Melde mich dann mal mit dem "Jak" an  Das ging mir letztens auch schon durch den Kopp nach dem Motto "Da war mal was"....

@Lars: Klar wurde was gefangen.... Wir Landgänger haben nen paar Saiblinge überzeugen können und Refos natürlich


----------



## Blindfischer (14. Mai 2009)

*AW: BB Treffen im Forellesee 23626 Rathekau*



macmarco schrieb:


> Schööööööööööööne Sache....
> Melde mich dann mal mit dem "Jak" an  Das ging mir letztens auch schon durch den Kopp nach dem Motto "Da war mal was"....
> 
> @Lars: Klar wurde was gefangen.... Wir Landgänger haben nen paar Saiblinge überzeugen können und Refos natürlich


 

Ick komm ooch mitm Yak.... dann wirds wenigstens richtich voll:m

Aber Donnerstachs? ich muss doch Aabeiden, mal sehn ob das passt, mir würde ein Freitach besser gefallen.

Gruß


----------



## Schwarzwusel (14. Mai 2009)

*AW: BB Treffen im Forellesee 23626 Rathekau*

Die Show kann ich mir doch nicht entgehen lassen. 

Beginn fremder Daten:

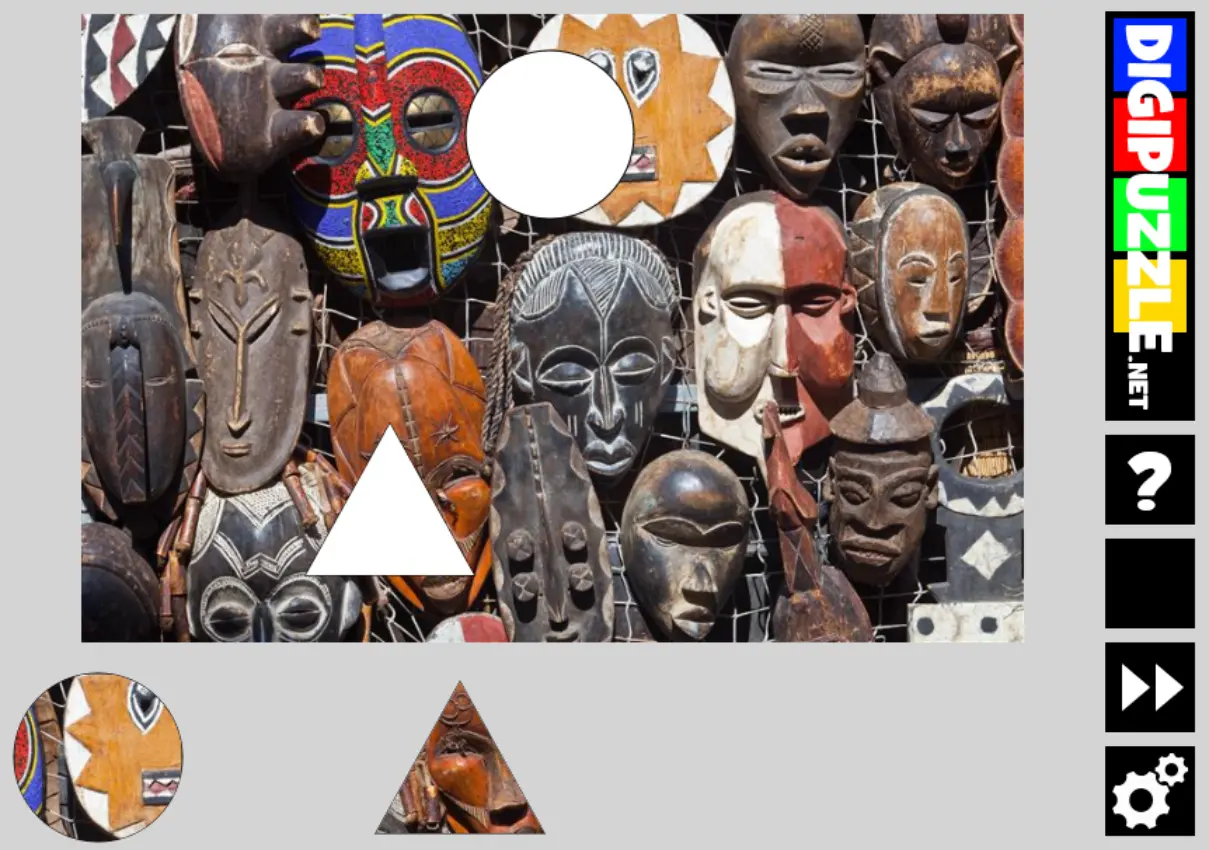 Kwanzaa Shape Puzzle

Werde dann wohl wie letztes Jahr wieder vom Ufer aus fischen. :q


----------



## Blindfischer (14. Mai 2009)

*AW: BB Treffen im Forellesee 23626 Rathekau*

Weiss Uwe denn schon von seinem Glück?

Ich finde wir machen dass wenn er wieder Störe besetzt hat, die dann vom Yak.....:m

Gruß

Dirk


----------



## hornhechteutin (14. Mai 2009)

*AW: BB Treffen im Forellesee 23626 Rathekau*

Moin Moin ,
jupp Dirk . War gestern bei ihm und hab mal nach gefragt ob sowas möglich wäre zumal ich noch 2 Leute hab die sich mal ins BB setzen wollen aber sich auf der Ostsee nicht trauen :q


@Blinder Fischer
freu Dich auf den Bericht vom BB Event in der Angelwoche . Bist da ganz groß dinn :vik::vik:


Gruß aus Eutin
Micha


----------



## macmarco (14. Mai 2009)

*AW: BB Treffen im Forellesee 23626 Rathekau*

@Wusel: Hihi.... könnte dir da noch locker flockig nen BB besorgen 
@Dirk: Klaaaar, schöne Störe vom Jak aus hätte tatsächlich was, nur wie lange wolltest du denn im Jak sitzen??

Sind Echos erlaubt?????


----------



## Blindfischer (14. Mai 2009)

*AW: BB Treffen im Forellesee 23626 Rathekau*



macmarco schrieb:


> @Lars: Klar wurde was gefangen.... Wir Landgänger haben nen paar Saiblinge überzeugen können und Refos natürlich



Da war doch was.......
(insider)


----------



## macmarco (14. Mai 2009)

*AW: BB Treffen im Forellesee 23626 Rathekau*



Blindfischer schrieb:


> Da war doch was.......
> (insider)


Ja ja, was ist das weiße eigentlich????|supergri|supergri|supergri|supergri|supergri


----------



## Schwarzwusel (15. Mai 2009)

*AW: BB Treffen im Forellesee 23626 Rathekau*



Blindfischer schrieb:


> Da war doch was.......
> (insider)


 Waren das nicht die ausgeblichenden Refos ???..|kopfkrat


----------



## Wildshark (15. Mai 2009)

*AW: BB Treffen im Forellesee 23626 Rathekau*

Moin
Da mache ich doch glatt wieder Sicherungsboot!!!!:m
Dann muß er aber noch schnell ne Slippe bauen!
Ansonsten komme ich einfach mit meinem kleineren Boot!!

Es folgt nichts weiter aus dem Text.